Se do lado das organizações um mundo hiperconectado representa uma oportunidade de negócio que está a ser aproveitada através da recolha de rios de dados sobre hábitos, gostos e movimentações das pessoas, provenientes de sensores conectados à cloud – câmaras, microfones, leitores de impressões digitais, detetores de movimento, infravermelhos; do ponto de vista judicial, tal pode “mudar completamente a vigilância, fornecendo mais acesso [a dados] do que nunca”, segundo um estudo do Centro para a Internet e Sociedade Berkman, da Faculdade de Direito da Universidade de Harvard (FDUA).
As ‘habilidades’ da IoT fizeram acalentar o debate em torno da cibersegurança, sentados na mesma mesa, no ano passado, oficiais governamentais dos serviços de inteligência, grupos de reflexão peritos na matéria e a própria faculdade de direito.
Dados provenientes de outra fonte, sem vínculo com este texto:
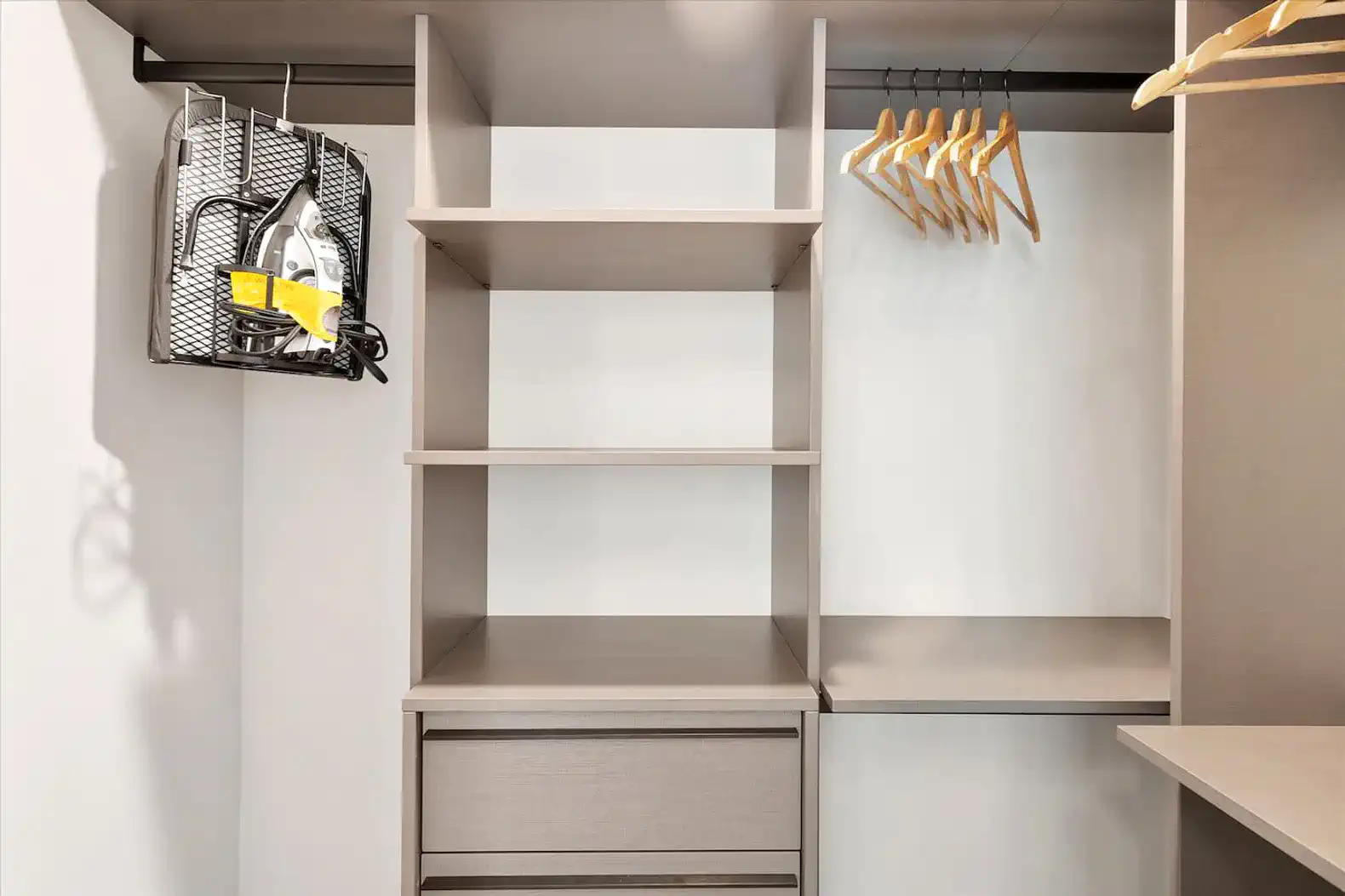 Spacious closet with shelves, hanging space, and a drawer for storage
Uma das preocupações partilhadas pelos políticos norte-americanos prende-se com a legalidade da encriptação de dados end-to-end nos sistemas operativos do smartphone e serviços de Internet por parte das empresas de telecomunicações, temendo não conseguir proteger o país de atos terroristas ou outros crimes. Até porque, nestes casos, nem os fabricantes, nem os prestadores de serviços conseguem ver os dados dos clientes.
Certamente muitos ainda têm presente na memória a recente guerra entre o FBI e a Apple pela tentativa de acesso do governo norte-americano a dados encriptados de um iPhone ligado a um alegado terrorista que matou várias pessoas num atentado em San Bernardino, Califórnia, nos EUA. O caso foi encerrado, em março, quando o FBI conseguiu aceder à informação, mas sem ajuda da tecnológica liderada por Tim Cook.
Ao mesmo tempo que isto acontece, a IoT estava a sussurrar uma montanha de dados sobre todos nós. “São boas notícias porque o poder judicial não está tão manietado. Se olharmos para o rasto digital que as pessoas estão a deixar, a trajetória clara é que se tornem mais acessíveis do que nunca a quem possua uma intimação”, explica Jonathan Zittrain, diretor do centro Berkman.
Além disso, não só a Apple, mas também outras tecnológicas, como a Microsoft ou a Google, usam os dados gerados pelos utilizadores dos seus serviços para fazer negócio, vendendo informações para fins de publicidade. Adicionalmente, os metadados relativos às telecomunicações, como dados de localização dos telemóveis, podem ser usados para investigações judiciais, bem como os dados provenientes de câmaras, microfones, localizadores de GPS ou outros sensores móveis, colocados no carro, ou fixos, integrados em casa, por exemplo.
Um crescimento à margem da lei
A grande quantidade de dados pessoais partilhados no ciberespaço faz crescer, contudo, “questões problemáticas sobre quão exposto à espionagem está o público em geral”, lembra Zittrain, ficando mais vulnerável a hackers maliciosos ou ladrões cibernéticos. Jack Goldsmith, perito nas temáticas de segurança e terrorismo, acredita que “à medida que tecnologia se desenvolve, os governos vão ter muitas mais ferramentas disponíveis para encontrar os tipos maus”. Mas, em contrapartida, “os mal-intencionados também as vão ter”.
Se por um lado a aplicação da lei é importante para combater as ameaças à segurança pública, empresas como o Facebook assumem que vão “lutar agressivamente contra os requerimentos que pedem às empresas para enfraquecer os seus sistemas de segurança”. “Não conseguimos tornar o acesso às comunicações encriptadas mais fácil para a aplicação da lei sem torná-lo também mais fácil para os criminosos cibernéticos e governos estrangeiros”, esclareceu Matt Perault, diretor da área de política global de desenvolvimento no Facebook.
À medida que este debate continua a IoT vai crescendo praticamente à margem da lei, o que na opinião de Jonathan Zittrain levanta questões complexas ligadas à privacidade. “Estamos a avançar para um mundo onde uma quantidade verdadeiramente impressionante de dados estarão à distância de um mandato ou intimação e, em muitas jurisdições, mesmo esta lacuna não precisa de ser transposta”, lembra, acrescentando que “está na hora” de começar a tomar precauções e criar “algumas proteções para a IoT” – caso contrário a IoT “corre o risco de se tornar no faroeste da Internet”.
É caso para dizer que, por enquanto, na questão da IoT, a tecnologia está à frente da legislação.